Comme les travaux de Lynn Hunt, de Suzanne Desan, cet ouvrage relève du courant actuel de la recherche qui s’intéresse à la famille et aux dimensions civiles de la citoyenneté. Il rejoint certaines analyses d’Anne Verjus dans une analyse familiariste de la politique.2 D’ailleurs, Jennifer Ngaire Heuer a co-signé un article avec elle sur L’invention de la sphère domestique au sortir de la Révolution3. Les recherches menées par Jennifer Ngaire Heuer montrent tout l’intérêt d’un travail de terrain en archives pour répondre à une problématique précise dans le domaine du Gender. Beaucoup reste encore à dépouiller, de nombreuses sources doivent être revisitées avec des grilles de lecture propres à faire avancer nos réflexions sur Femmes, Genre et Révolution.4

Notes:
1 Cf Jean-Jacques Clere, « La Révolution française et la famille », dans: La Révolution française. Une histoire toujours vivante, sous la direction de Michel Biard, Paris 2009.

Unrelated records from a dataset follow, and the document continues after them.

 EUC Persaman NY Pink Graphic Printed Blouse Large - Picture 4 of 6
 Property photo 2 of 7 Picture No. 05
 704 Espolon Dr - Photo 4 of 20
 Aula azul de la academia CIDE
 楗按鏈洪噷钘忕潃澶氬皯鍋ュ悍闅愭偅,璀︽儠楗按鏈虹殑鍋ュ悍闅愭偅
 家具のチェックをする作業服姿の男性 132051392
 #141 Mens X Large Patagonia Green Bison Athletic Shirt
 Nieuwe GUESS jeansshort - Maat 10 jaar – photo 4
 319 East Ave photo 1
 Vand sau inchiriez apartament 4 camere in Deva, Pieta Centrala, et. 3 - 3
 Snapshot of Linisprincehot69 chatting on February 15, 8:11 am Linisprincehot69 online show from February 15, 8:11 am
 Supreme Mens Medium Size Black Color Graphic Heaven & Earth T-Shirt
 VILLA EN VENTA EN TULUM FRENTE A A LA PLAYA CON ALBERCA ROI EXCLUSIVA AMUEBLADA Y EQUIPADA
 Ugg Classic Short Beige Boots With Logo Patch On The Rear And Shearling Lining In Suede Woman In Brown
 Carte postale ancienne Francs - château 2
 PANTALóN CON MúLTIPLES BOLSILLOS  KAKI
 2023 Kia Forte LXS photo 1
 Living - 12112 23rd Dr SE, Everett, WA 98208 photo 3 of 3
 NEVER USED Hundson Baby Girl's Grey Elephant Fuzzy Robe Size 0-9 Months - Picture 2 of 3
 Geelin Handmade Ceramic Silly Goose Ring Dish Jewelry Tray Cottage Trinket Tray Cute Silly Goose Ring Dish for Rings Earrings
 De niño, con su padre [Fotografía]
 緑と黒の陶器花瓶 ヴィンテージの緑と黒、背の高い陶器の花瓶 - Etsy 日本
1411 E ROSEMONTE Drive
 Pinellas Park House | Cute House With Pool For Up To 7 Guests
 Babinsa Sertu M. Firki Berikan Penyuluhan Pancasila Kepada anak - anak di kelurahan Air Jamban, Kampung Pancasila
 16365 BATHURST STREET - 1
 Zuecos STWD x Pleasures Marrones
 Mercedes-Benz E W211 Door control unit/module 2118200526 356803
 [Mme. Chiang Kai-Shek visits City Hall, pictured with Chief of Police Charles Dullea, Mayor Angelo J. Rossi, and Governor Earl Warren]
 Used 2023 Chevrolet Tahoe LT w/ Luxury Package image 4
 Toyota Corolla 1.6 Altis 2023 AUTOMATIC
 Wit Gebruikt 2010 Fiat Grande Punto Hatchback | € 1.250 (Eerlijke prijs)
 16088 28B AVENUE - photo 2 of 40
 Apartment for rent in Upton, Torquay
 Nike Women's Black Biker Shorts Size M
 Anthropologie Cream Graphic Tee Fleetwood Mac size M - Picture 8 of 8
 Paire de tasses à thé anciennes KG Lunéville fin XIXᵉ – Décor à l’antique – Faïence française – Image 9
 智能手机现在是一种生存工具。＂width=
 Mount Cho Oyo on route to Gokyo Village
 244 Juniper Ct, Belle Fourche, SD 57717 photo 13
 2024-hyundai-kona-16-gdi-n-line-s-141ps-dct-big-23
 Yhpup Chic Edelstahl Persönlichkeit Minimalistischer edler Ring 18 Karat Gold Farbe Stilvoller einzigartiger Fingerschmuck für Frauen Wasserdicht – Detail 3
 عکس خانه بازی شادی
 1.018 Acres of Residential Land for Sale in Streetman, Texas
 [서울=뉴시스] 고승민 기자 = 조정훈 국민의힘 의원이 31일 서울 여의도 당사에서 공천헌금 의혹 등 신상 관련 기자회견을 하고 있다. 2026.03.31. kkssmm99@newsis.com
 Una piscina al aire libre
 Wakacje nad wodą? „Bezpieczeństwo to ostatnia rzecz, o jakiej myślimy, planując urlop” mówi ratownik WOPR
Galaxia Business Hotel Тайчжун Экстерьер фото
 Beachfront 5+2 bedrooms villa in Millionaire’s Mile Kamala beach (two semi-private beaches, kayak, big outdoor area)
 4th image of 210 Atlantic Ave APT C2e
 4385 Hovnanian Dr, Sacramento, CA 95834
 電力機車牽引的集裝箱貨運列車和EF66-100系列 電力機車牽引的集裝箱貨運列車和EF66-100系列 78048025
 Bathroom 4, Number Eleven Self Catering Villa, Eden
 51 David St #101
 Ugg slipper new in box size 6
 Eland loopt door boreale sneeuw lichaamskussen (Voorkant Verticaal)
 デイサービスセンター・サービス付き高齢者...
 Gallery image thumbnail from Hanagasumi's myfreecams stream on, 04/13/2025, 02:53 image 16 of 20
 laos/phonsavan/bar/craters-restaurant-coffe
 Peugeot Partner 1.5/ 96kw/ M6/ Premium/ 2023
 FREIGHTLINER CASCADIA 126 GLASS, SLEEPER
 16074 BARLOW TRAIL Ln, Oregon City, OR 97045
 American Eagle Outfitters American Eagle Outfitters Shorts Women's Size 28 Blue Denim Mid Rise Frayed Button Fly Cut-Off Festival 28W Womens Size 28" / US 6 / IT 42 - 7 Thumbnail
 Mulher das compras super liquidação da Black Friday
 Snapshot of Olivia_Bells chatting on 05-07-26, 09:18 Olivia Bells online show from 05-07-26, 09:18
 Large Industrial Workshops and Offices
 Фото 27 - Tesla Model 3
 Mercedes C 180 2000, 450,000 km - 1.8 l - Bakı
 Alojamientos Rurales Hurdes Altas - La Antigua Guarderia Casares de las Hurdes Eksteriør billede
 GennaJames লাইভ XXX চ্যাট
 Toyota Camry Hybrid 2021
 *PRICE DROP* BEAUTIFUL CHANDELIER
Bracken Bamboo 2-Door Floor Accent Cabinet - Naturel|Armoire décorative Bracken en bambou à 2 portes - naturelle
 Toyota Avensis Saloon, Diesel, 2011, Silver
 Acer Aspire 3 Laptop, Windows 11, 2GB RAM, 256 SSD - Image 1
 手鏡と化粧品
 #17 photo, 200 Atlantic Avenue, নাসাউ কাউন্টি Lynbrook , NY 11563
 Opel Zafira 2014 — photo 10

2 Anne Verjus, Le cens de la famille. Les femmes et le vote, 1789-1848, Paris 2002; « Le bon mari », une histoire politique des hommes et des femmes à l’époque de la Révolution, Paris 2010.
3 Jennifer Ngaire Heuer / Anne Verjus, « L’invention de la sphère domestique au sortir de la Révolution », AHRF, n°327, 2002
4 Cf Dominique Godineau / Lynn Hunt / Jean-Clément Martin / Anne Verjus / Martine Lapied, « Femmes, Genre, Révolution », Regards croisés, AHRF, n°358, 2009.